Da Liam ebenfalls in Südafrika lebte, schaute Owen sich die Hand des Jungen gleich an und verkleinerte seine Prothese auf Kindergröße. Damit konnte Liam zum ersten Mal rechtshändig etwas greifen.

Doch der Junge würde noch wachsen. Die Herstellung immer neuer passender Modelle würde kaum zu bezahlen sein.

Rasch wachsende Community weltweit

So bat der findige Cosplayer die Firma Makerbot um die Spende eines ihrer 3D-Drucker. Und bekam gleich zwei davon. Im Gegenzug verbreitete Makerbot Videos von Liams Prothesen, hergestellt auf ihren Maschinen. Owen verbesserte das Modell mit jedem Mal und stellte die Ergebnisse ebenfalls online, frei verfügbar zum Nachbau, Patentforderungen sollte es hier nicht geben. 

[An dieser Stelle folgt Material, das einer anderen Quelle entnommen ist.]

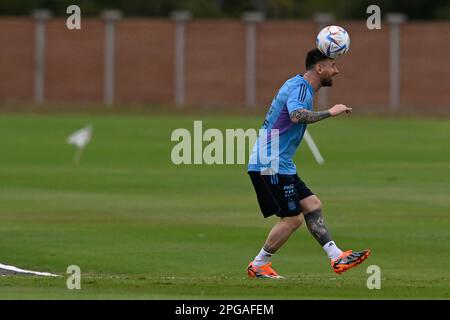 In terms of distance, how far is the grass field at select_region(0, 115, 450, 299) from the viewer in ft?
45.0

Weltweit wollten nun viele Besitzer von 3D-Druckern mitmachen. Professor Jon Schull vom Rochester Institute of Technology gründete die Online-Gemeinschaft "enabling the future", um Angebot und Nachfrage nach Prothesen in geordnete Bahnen leiten. 

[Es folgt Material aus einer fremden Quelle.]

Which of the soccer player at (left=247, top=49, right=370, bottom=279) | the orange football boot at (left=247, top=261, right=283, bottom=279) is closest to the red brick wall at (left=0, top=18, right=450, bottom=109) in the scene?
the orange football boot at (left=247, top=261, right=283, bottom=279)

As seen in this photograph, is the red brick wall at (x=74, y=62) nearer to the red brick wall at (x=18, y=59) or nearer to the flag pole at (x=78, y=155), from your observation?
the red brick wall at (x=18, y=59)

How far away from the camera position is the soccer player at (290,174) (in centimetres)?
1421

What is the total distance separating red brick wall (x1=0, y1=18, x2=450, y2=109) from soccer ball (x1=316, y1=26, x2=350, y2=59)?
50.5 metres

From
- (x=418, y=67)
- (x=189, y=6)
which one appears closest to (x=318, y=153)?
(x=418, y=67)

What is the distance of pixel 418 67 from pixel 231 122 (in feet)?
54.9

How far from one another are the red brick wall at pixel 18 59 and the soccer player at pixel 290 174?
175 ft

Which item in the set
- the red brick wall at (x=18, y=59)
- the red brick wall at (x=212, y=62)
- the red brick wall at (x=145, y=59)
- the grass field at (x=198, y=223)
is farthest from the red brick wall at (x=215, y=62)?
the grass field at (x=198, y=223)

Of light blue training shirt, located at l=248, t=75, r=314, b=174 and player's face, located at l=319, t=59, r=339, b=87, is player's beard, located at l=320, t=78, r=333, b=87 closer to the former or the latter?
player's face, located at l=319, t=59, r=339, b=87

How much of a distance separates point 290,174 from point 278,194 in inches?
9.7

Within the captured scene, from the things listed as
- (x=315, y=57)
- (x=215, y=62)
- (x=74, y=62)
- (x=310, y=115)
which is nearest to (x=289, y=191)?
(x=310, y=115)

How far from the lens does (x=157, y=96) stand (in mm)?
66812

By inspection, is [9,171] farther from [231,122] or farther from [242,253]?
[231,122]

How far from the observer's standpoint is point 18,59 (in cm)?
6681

Selbst Kinder und Jugendliche entwickeln inzwischen anhand von Owens Original neue Modelle, passen sie an ihre Bedürfnisse an oder entwerfen eigene Designs im Stil von Superhelden. Schulklassen und Pfadfinder bauen die Vorlagen nach und verschicken sie an Bedürftige. Zum Beispiel nach Syrien, wo Menschen durch den Krieg Gliedmaßen verloren haben. Mittlerweile gibt es rund 30.000 Prothesenhersteller in der Community, die in mehr als 100 Länder geliefert haben. Sogar eine myoelektrische Hand ist entstanden – also eine Version, die über die elektrischen Impulse der Muskeln gesteuert wird. 

Heute lebt Ivan Fisher-Owen in Irland und arbeitet an einem Theater. Er sagt: "Das Projekt hat sich verselbstständigt. Ich habe nur den Anstoß gegeben und bin glücklich, dass ich ein Teil dieser Gemeinschaft sein durfte."